#### [Goal of the exercise]
In the records below, find the line containing "Every Girl need her" and the line containing "Die Ring-Chroniken - Begabt - Erin Lenaris". Give again exactly those lines and every line between them, omitting the pictures.

━━ Records supplied

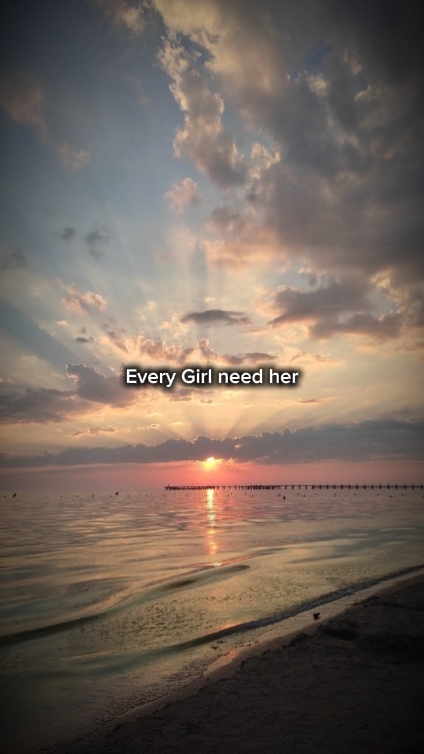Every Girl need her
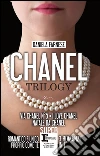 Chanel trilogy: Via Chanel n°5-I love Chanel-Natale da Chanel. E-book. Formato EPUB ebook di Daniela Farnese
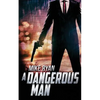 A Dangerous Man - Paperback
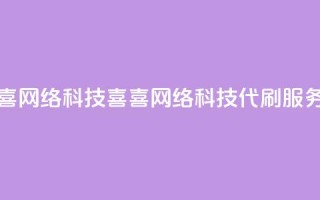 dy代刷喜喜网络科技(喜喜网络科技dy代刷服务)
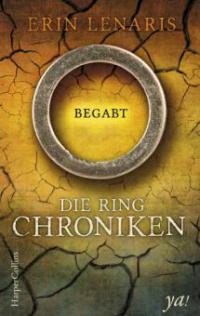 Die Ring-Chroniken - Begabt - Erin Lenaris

━━━━
━━ Records supplied

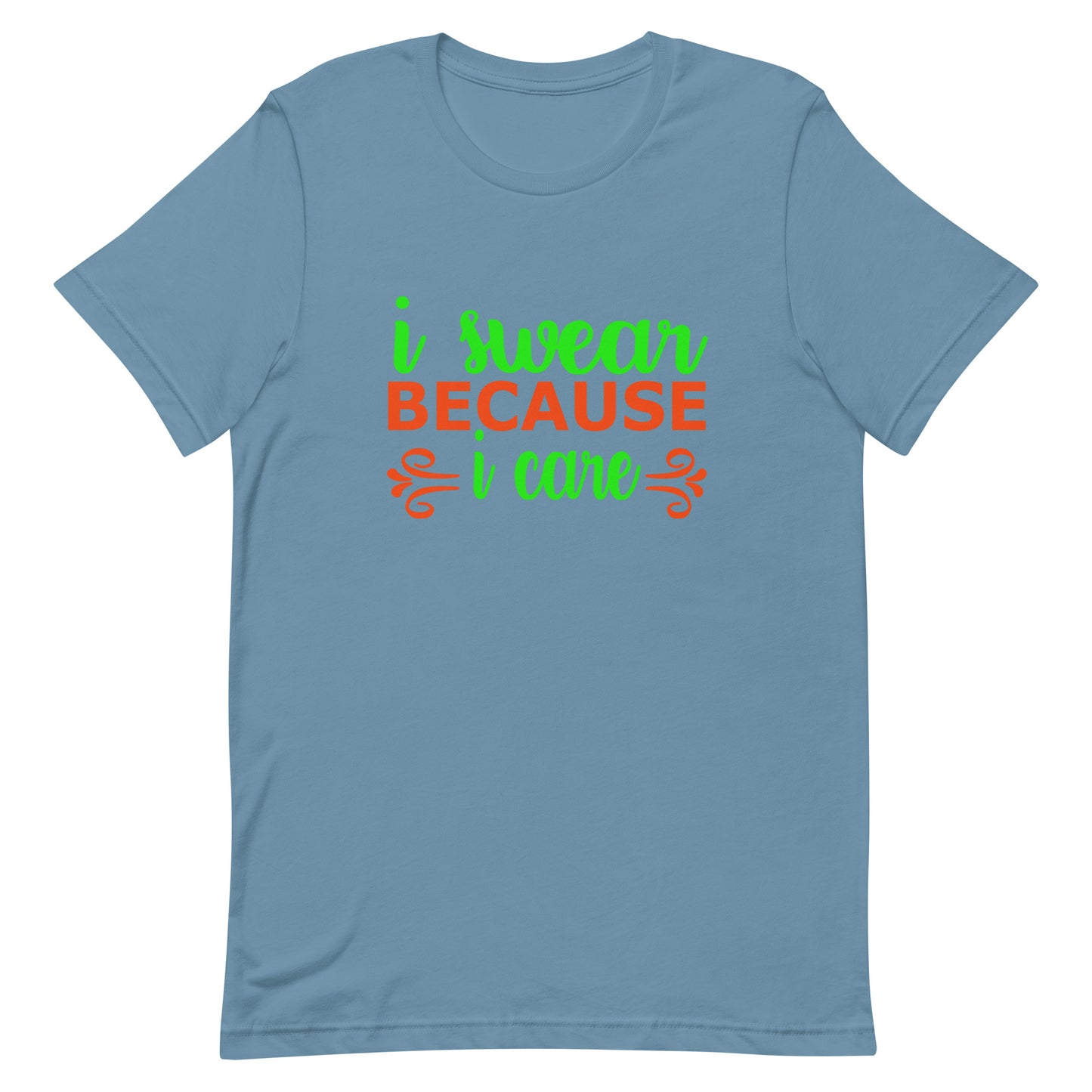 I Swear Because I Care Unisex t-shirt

━━━━

#### [Answer to the exercise]
Every Girl need her
 Chanel trilogy: Via Chanel n°5-I love Chanel-Natale da Chanel. E-book. Formato EPUB ebook di Daniela Farnese
 A Dangerous Man - Paperback
 dy代刷喜喜网络科技(喜喜网络科技dy代刷服务)
 Die Ring-Chroniken - Begabt - Erin Lenaris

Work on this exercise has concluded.